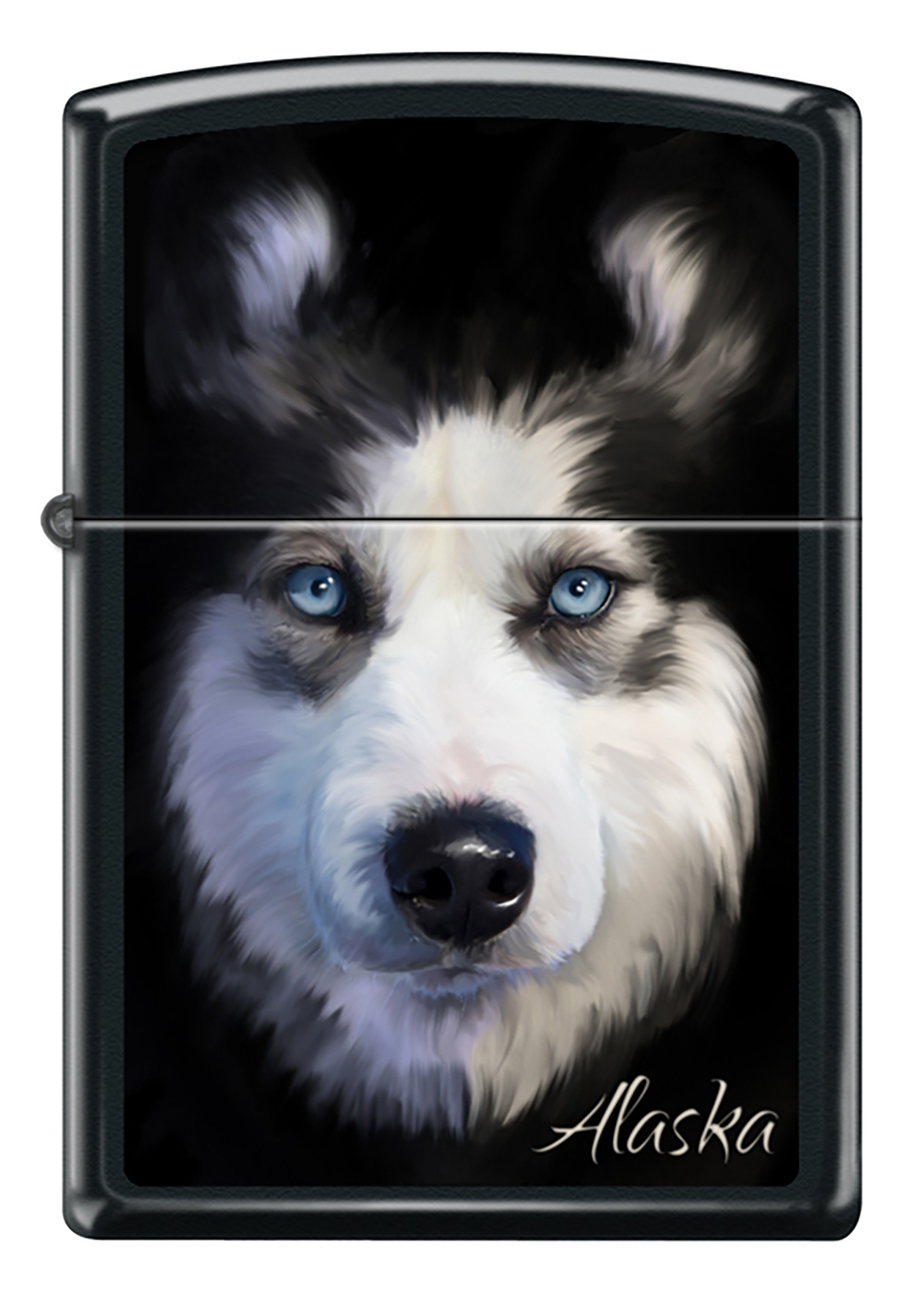 Classic Husky 3D Alaska görseli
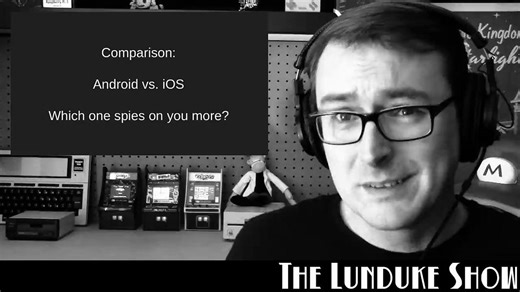 Android vs iOS: Which spies on you more?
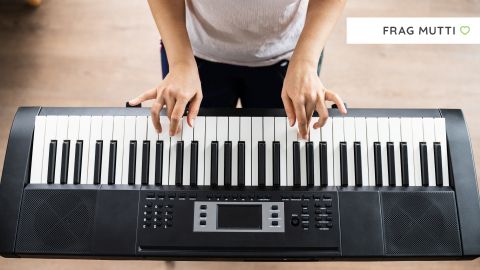 keyboard piano test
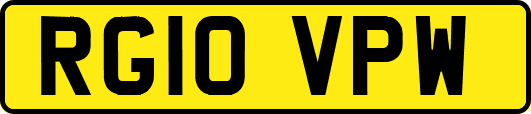 RG10VPW
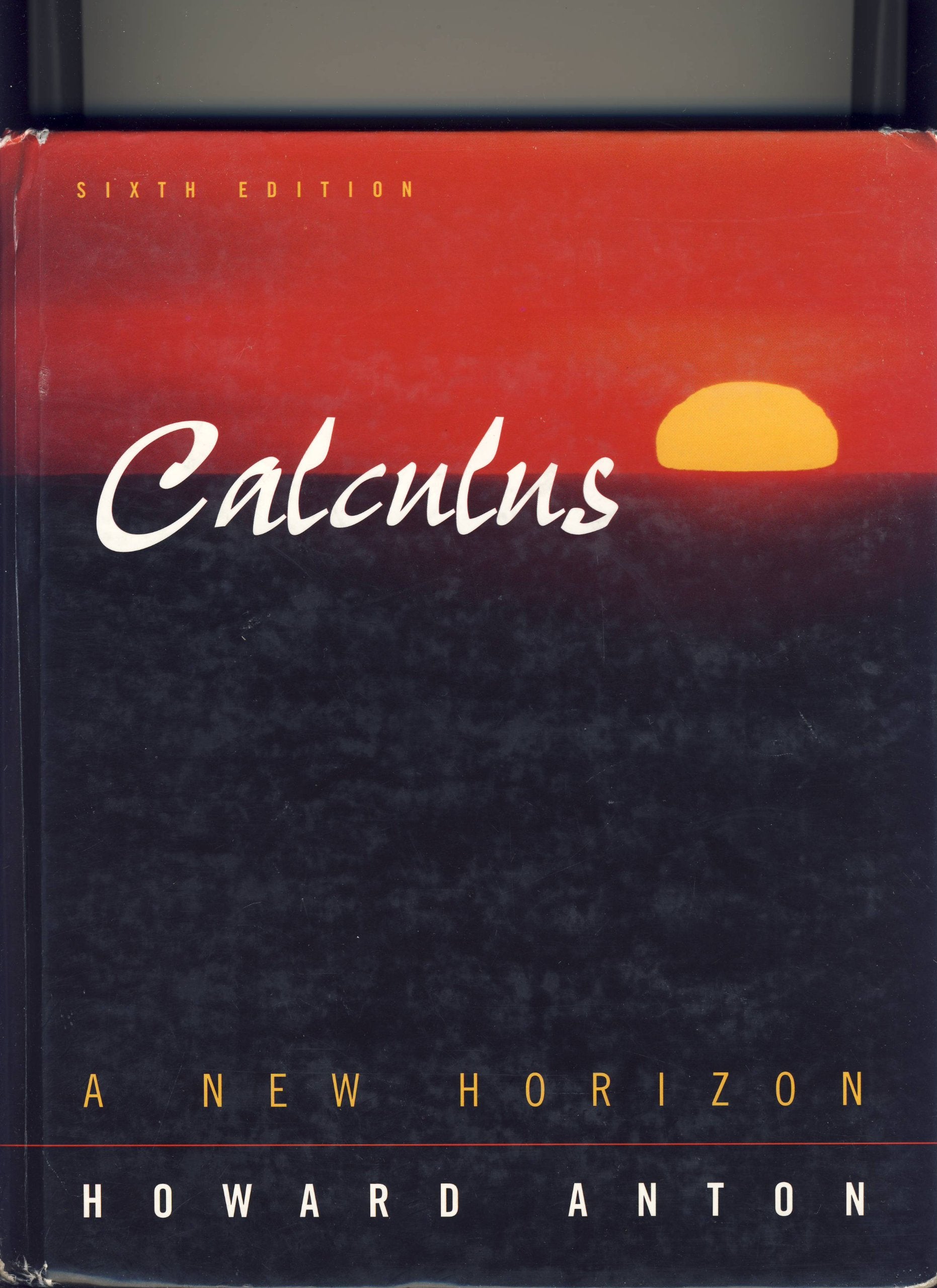 Calculus: A New Horizon (Volumes 1-3 combined) Mathematics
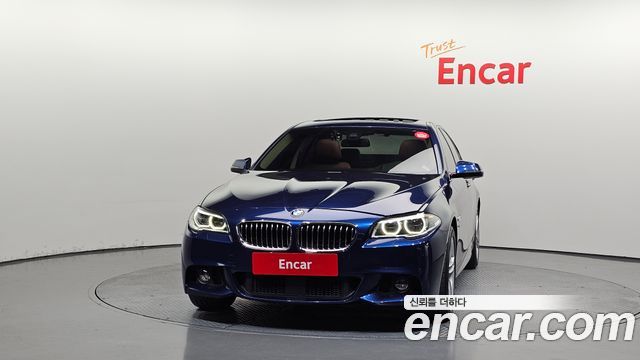 BMW 5-Series 520d M Aero Dynamic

_Action item_
Text only, please: give the listing again word for word with no images.

_Solution to this problem_
 Classic Husky 3D Alaska görseli
 Android vs iOS: Which spies on you more?
 keyboard piano test
 RG10VPW
 Calculus: A New Horizon (Volumes 1-3 combined) Mathematics
 BMW 5-Series 520d M Aero Dynamic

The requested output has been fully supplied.